A Strange Case of D&D

Or…a funny thing happened on the way to the dungeon.

After nearly forty years of tabletop gaming, it can get a little hard to recapture the fresh weirdness of Gygaxian fantasy.  Particularly true in this day and age when the majority of D&D creatives believe that the height of creativity is something along the lines of, “just like before, only WOMEN!” or “just like half-orcs, but half-demons/half-dragons/half-drow/half-kitchen-sink”.  So it was with some relish that a friend pointed out What Happened at Wyvern Rock.

Injecting a bit of sci-fi into your D&D campaign isn’t anything new. It goes back all the way to the beginning.

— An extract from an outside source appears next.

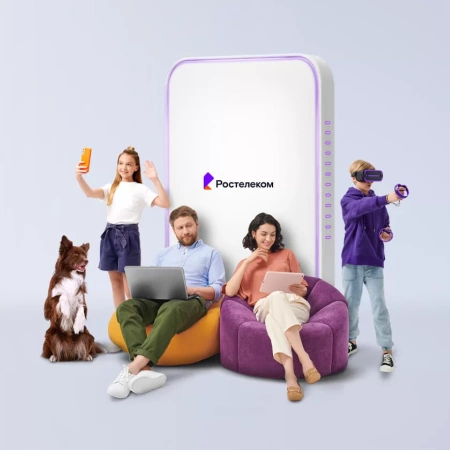 Технологии выгоды Ростелеком в&nbsp;село Низовое (Омская область)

Injecting a bit of Alex Jones style Fortean weirdness into your campaign, now that’s something different.

And Neven Diack provides a nice, dark addition to a D&D campaign that tickles my grognard bone with an emphasis on murkiness and uncertainty and unexplainable events.  His marriage of cross-dimensional (or cross-planar) aliens (or demons) involves a bit of book-keeping, but it is behind-the-screen book-keeping expressly designed to inject a spot of weirdness into the game.  Sure, your players might recognize the little gray men, but they don’t have forty years worth of stats and rules to fall back upon to understand how to deal with the little anal-probers.  And their characters…

They’ve been hob-nobbing with, and murder-hoboing, funny lookin’ fellers for years.  What’s one more short inhuman thing after dungeons full of the creepy little blighters?  It’s just one more form of magic that wants them dead and probably has some nice loot available on board that fiery wheel in the sky.  Or, gods help them, the characters may even try to talk to the strangely sedate kobolds in the silver suits.  Either way, it’s going to be weird and unusual, and even the normal rules of magic won’t apply.

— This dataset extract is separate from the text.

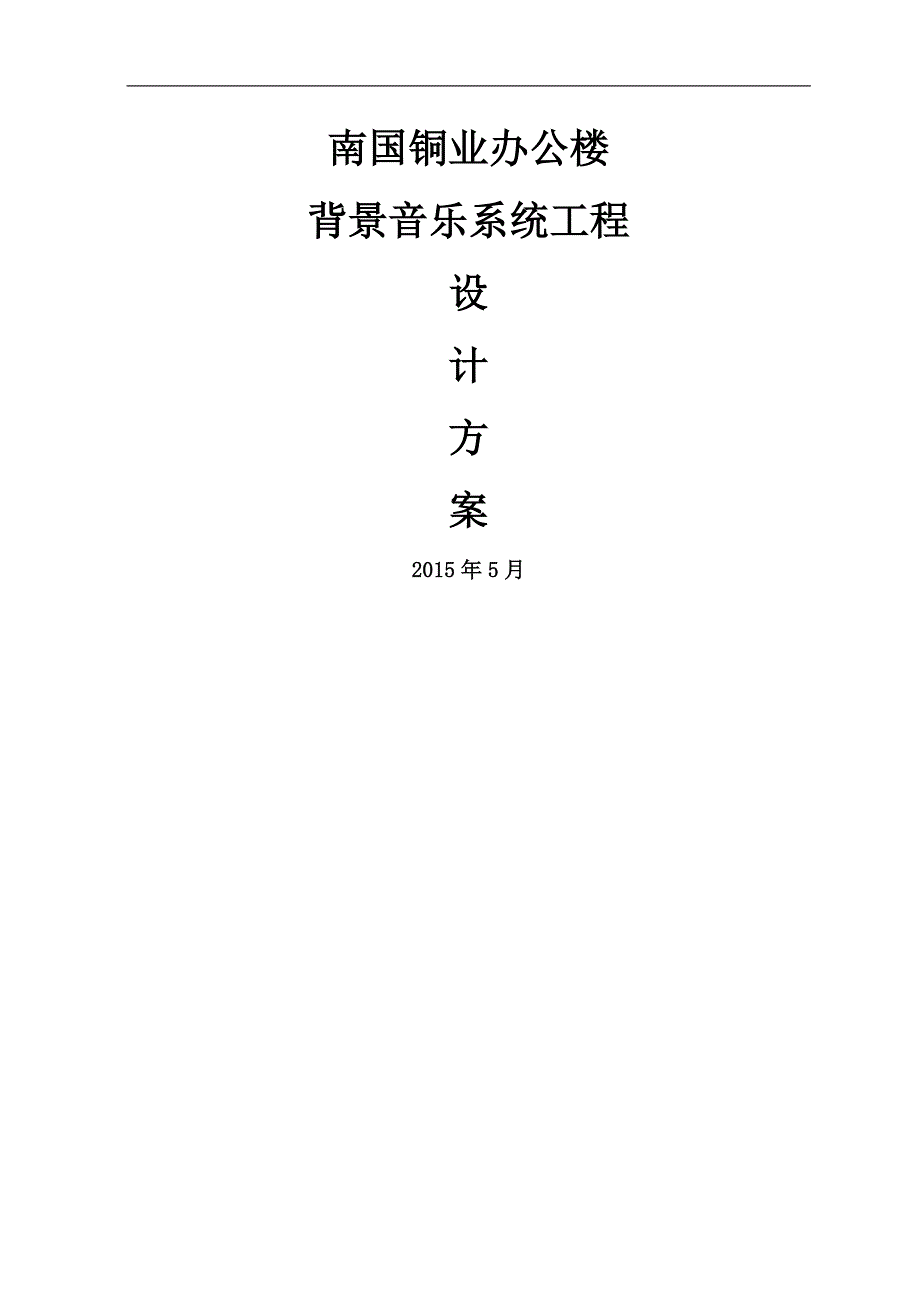 南国铜广播系统工程方案及对策书_第1页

Neven does a great job providing just enough starting material in a way that leaves the mystery unresolved for everyone.  The main book includes rules for weirdness – and in fine old school fashion includes a sort of mini-game to track just how weird things have gotten.  he also includes three escalating encounters with the weirdness as well – almost adventures in their own right.  But mostly, he provides a fresh new look at the game, and an inspirational way to Keep Mystara Weird that feels almost Lovecraftian with out the modern “tentacles and jokes, yo” crutches one normally sees in this sort of product.

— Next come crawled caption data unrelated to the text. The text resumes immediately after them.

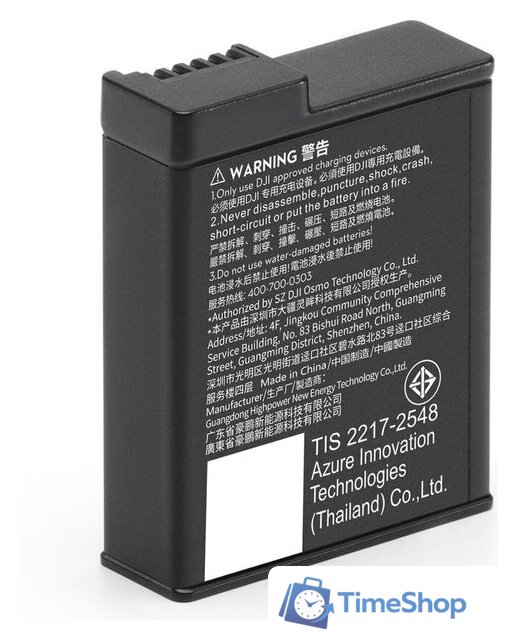 Экшен-камера DJI Osmo Action 5 Pro Standard Combo - Изображение №11 — Интернет-магазин Time-Shop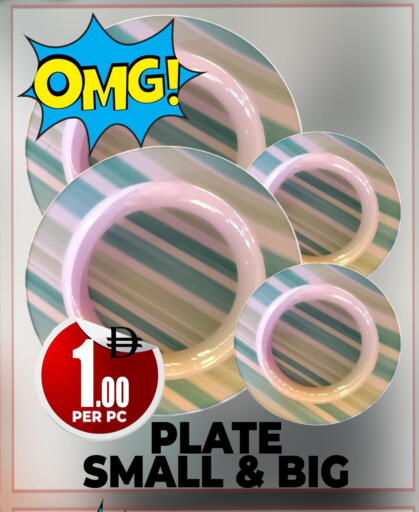 available at Centro Discount Center in UAE - Dubai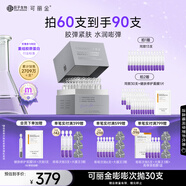 可麗金（COLLGENE）重組膠原蛋白嘭嘭次拋精華1.2ml*30支抗皺緊致保濕生日禮物女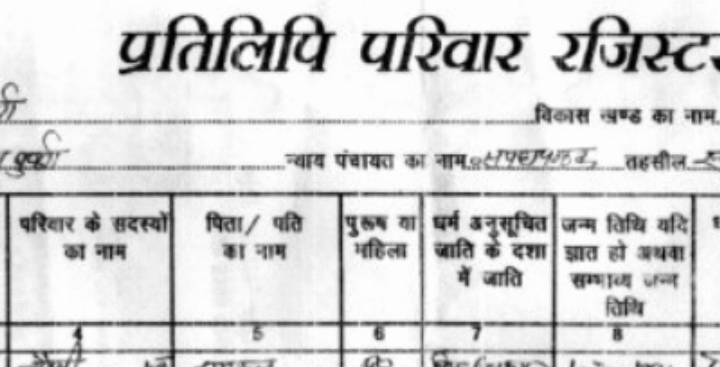 परिवार रजिस्टर में अनियमितताओं पर धामी सरकार का सख्त एक्शन, प्रदेशव्यापी जांच के निर्देश CM DHAMI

I haven’t read On Tattered Wings yet, nor have I received my copy of the now completed KickStart for the second issue of this ‘zine.   And if physical reviews are important, I can tell you the thick paper and heavy stock covers are pretty robust for a ‘zine, and should hold up well at the table.  The art is simple line carvings, and impressively marries the look of hoax UFO photos with dark age wood carving.  Good fun and while the ten bucks for the short read might seem steep, it’s worth it for the quality and depth of Neven’s thoughts.